Manhattan prosecutors are reportedly worried about the weakness of their case against the South Jersey man accused of the notorious 1979 kidnapping and murder of Etan Patz in SoHo.

Pedro Hernandez, 52, of Camden, N.J. confessed to the notorious slaying, but there is no physical evidence tying him to the Jewish boy’s killing and he now insists he is innocent.

“When you’re involved in a homicide investigation, you have to be 100% sure that this is your guy,” one insider told the New York Post. “That’s not the case here. There is doubt.”

The Manhattan DA’s Deputy Chief of Staff, Erin Duggan Kramer denied the claim.

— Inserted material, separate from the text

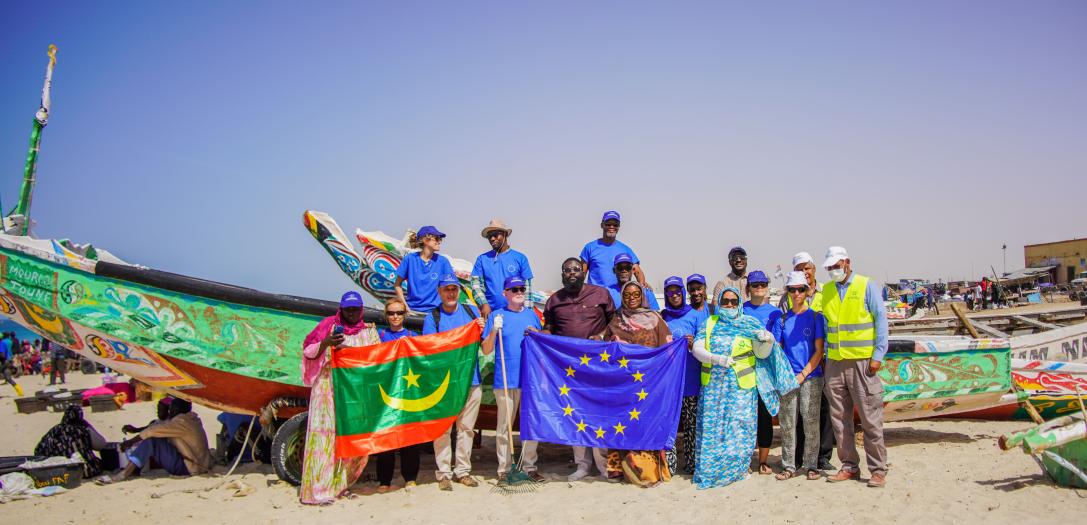 EU Beach Clean-up Mauritanie 2024 - Equipe UE, Big Baba, Aminetou Bilal et MPN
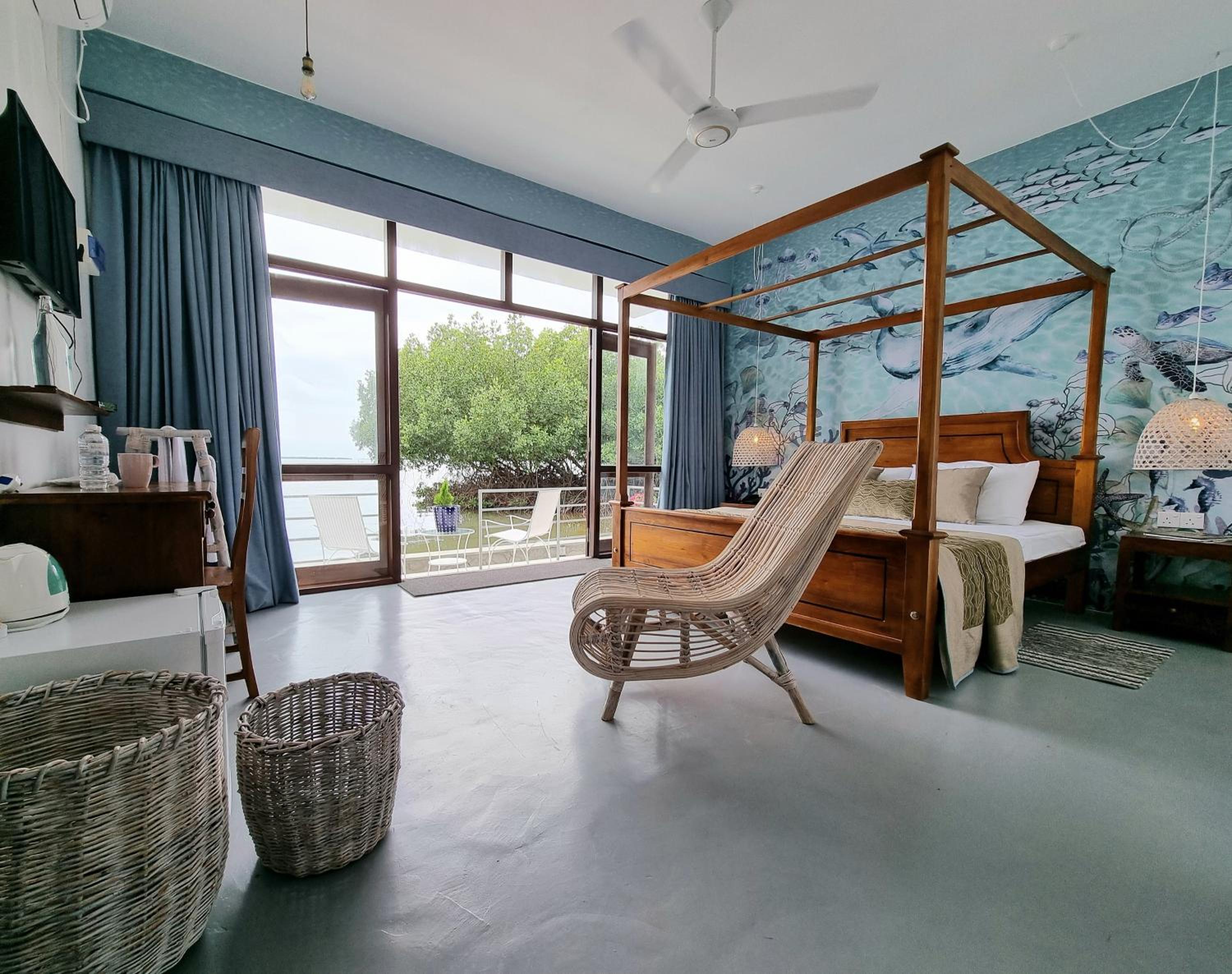 Deluxe Double Room with Balcony and Lagoon View photo 1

“The anonymous assertions relative to the prosecution of this case in the article are false,” Duggan said.

Convicted pedophile Jose Ramos was found responsible for the six-year-old boy’s death in a 2004 civil case and ordered to pay $2 million to his family. He dated Patz’s babysitter and admitted having contact with the boy, although he denied killing him.

“They [prosecutors] are very concerned about the Ramos factor,” one source close to the case told the paper. “They know that Hernandez’s lawyer is going to bring up the fact that Ramos was already found liable for the kid’s death.”

Hernandez was a former bodega clerk from Patz’s SoHo neighborhood who lived for years in Camden, N.J., with his wife and daughter.

Hernandez came forward in 2012 and told police that he lured the innocent little boy into a basement by offering a soda, the paper said. Then 19, he strangled him and stuffed him in a bag.

The suspect said he didn’t know why he killed the boy. Hernandez denied sexually abusing the boy, but police are skeptical of that claim.

In his written confession, Hernandez stated, “I’m sorry, I shoke [sic] him,” the sources told the Post.

Hernandez was indicted on kidnapping and murder charges and is awaiting trial.

Patz never made it to his school bus stop on March 25, 1979, the first time he had walked to the bus stop by himself. His mother did not realize that he had not been in school all day until he failed to return home at the end of the school day.

The case was eerily similar to that of little Leiby Kletzky, the Orthodox boy who was abducted and killed in 2011 as he walked home alone from day camp in Brooklyn for the first time.